Area: 10,887 square km.  Landlocked in the Balkans, Kosovo is a small nation which borders Serbia, Macedonia, Albania, and Montenegro.  Terrain consist of a flat, elevated basin and mountains subject to a continental climate creating cold, snowy winters and hot, dry summers.  Kosovo is divided into 30 administrative municipalities.  The government has approved the creation of an additional 10 municipalities in the near future. 

 

Population: 1,804,838 (July 2009)       

Annual Growth Rate: 1.3% (1983)[1]    

Fertility Rate: N/A   

Life Expectancy: N/A

 

Peoples

Albanian: 88%

Serbs: 7%

Other: 5%

 

Albanians form the majority in most areas.  Serbs are concentrated in extreme northern Kosovo and in some larger cities but have decreased in numbers over the past decade following the Kosovo War in the late 1990s.  Other ethnic groups include Bosnians, Gorani, Roma, Turks, Ashkali, and Egyptians. 

 

Languages: Albanian (88%), Serbian (7%), other (5%).  Albanian and Serbian are the official languages.  Only Albanian has over one million speakers (1.6 million).   

Literacy: 87.5% (2007)

 

History

Serbs began to settle Kosovo in the seventh century but did not incorporate the region into the Serbian Empire until the thirteenth century.  Serbia built many important Orthodox churches and monasteries in Kosovo, further deepening the Serbian legacy and claim to the region.  The Ottoman Empire annexed Kosovo in 1389 and retained control until 1912.  By the end of the nineteenth century, Albanians became the largest ethnic group as a result of immigration to the area from elsewhere in the Ottoman Empire.  Serbia and later Yugoslavia administered Kosovo for the remainder of the twentieth century and granted greater autonomy in 1974.  Albanian nationalism increased in the 1980s and strained relations with Yugoslavia.  A separatist movement became to take shape following Slobadan Milosevic and the Serbian government decision to revoke Kosovo’s autonomous status by first taking non-violent opposition and later forming the Kosovo Liberation Army.  Serbians began an aggressive, brutal campaign against Albanians in Kosovo through ethnic cleansing.  Approximately 800,000 fled the country and many died in the conflict.  NATO led a three month military campaign against Serbian forces and the United Nations established the UN Interim Administration Mission in Kosovo.  Negotiations between Serbian and Kosovo authorities failed in the 2000s and resulted in a formal declaration of independence in February 2008.  As of May 2010, over 60 countries recognized Kosovo as a sovereign nation but Serbia, Russia, China, India, and many nations in Latin America, Africa, Eastern Europe, and Asia do not recognize Kosovo independence.  In July 2010, the World Court supported Kosovo's declaration of independence in determining that this declaration did not violate international law.

 

Culture 

Kosovo shares many cultural similarities with Albania as most of the population is Albanian.  Traditions and cultural practices often differ by city or town.  Family plays a major role in society.  Music is important to many and consists of a wide range of genres such as folk music using traditional Albanian instruments and modern music genres. 

 

Economy

GDP per capita: $2,500 (2007) [5.3% of US]

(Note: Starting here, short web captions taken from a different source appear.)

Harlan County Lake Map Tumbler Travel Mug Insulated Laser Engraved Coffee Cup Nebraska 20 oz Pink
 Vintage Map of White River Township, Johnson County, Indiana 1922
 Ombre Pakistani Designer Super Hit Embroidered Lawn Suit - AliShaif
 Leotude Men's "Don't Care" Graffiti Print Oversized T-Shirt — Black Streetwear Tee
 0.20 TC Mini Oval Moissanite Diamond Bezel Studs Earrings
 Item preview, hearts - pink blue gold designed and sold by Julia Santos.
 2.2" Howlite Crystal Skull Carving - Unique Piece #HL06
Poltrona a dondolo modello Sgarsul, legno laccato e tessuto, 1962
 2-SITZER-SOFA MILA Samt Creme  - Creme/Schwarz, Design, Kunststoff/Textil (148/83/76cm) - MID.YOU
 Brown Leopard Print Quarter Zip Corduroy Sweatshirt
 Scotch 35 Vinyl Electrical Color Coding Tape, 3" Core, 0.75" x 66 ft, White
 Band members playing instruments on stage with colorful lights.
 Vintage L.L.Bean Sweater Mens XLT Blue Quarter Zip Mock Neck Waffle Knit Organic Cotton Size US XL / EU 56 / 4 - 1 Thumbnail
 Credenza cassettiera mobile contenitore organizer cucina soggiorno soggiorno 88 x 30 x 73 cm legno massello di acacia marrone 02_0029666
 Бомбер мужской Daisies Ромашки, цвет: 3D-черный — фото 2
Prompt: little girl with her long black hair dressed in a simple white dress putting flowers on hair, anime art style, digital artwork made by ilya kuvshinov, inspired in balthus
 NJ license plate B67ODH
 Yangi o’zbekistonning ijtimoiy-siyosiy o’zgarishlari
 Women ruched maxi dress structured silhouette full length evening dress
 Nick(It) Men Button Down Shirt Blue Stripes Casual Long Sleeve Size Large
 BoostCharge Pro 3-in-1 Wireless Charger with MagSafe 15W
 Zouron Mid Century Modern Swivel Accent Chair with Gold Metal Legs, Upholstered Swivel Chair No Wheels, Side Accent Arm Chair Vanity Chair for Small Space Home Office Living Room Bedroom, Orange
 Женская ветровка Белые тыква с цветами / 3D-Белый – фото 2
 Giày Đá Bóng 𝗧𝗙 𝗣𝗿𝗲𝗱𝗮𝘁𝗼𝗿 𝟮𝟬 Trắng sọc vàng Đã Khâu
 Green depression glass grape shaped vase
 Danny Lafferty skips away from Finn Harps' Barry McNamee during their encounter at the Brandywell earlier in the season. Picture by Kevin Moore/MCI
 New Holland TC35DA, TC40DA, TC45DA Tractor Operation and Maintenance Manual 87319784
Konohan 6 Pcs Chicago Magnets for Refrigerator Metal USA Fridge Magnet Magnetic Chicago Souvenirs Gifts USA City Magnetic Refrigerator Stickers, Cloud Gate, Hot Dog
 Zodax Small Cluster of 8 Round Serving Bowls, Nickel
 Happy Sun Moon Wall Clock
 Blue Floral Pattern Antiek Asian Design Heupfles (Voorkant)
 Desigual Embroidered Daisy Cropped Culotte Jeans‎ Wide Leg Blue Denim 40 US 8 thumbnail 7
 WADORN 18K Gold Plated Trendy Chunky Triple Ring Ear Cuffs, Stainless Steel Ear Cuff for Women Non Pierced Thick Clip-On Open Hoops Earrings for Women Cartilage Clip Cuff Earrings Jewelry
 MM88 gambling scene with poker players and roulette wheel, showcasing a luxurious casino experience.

Human Development Index: N/A

Corruption Index: N/A

War, political instability, and isolation have prevented greater economic growth and modernization as Kosovo is Europe’s poorest nation.  Remittances from citizens of Kosovo living in Central Europe and elsewhere form an important part of the economy.  More than 40% of the population is unemployed, which fuels illegal activity and corruption.  35% of the population lives below the poverty line.  Due to poor living conditions, many immigrate to more prosperous nations.  Rich mineral deposits are underutilized due to lack of investment and equipment.  As many live in small towns and rural areas, agriculture is an important sector of the economy and produces wheat, corn, and potatoes.  Mining is the primary industry, exploiting nickel, lead, zinc, and magnesium deposits. 

 

Faiths

Muslim: 88%

Christian: 12%

 

Christians

Denominations  Members  Congregations

Catholic   65,000

Jehovah’s Witnesses  169  4

Latter-Day Saints  less than 50  2  

 

Religion

Most Albanians in Kosovo are nominally Muslim but do not attend worship services or typically display Muslim cultural traits.  Serbs are primarily Serbian Orthodox.  Catholics and Protestants account for fewer than five percent of the population.  Catholics tend to reside nearby their churches in three administrative municipalities near the Albanian border whereas Protestants are concentrated in Pristina and other cities.[2] 

 

Religious Freedom

Persecution Index:

The constitution protects religious freedom which is generally upheld by local laws and government practices.  Religion and ethnicity are highly correlated, making it difficult to determine whether societal acts of violence are ethnically or religiously motivated.  Both Christian and Muslim religious holidays are national holidays.  Religious groups are not required to register to operate.  Protestants groups are not registered with the government and desire official recognition in order to obtain needed permits to own land and obtain building permits.  Some friction between Protestants and local government has occurred concerning tax exemption and obtaining permits to build churches or bury their deceased.[3] 

 

Largest Cities

Urban: N/A

Priština, Prizren, Uroševac, Kosovska Mitrovica, Gjakova, Peja, Gjilan, Vushtrri, Podujevo, Orahovac.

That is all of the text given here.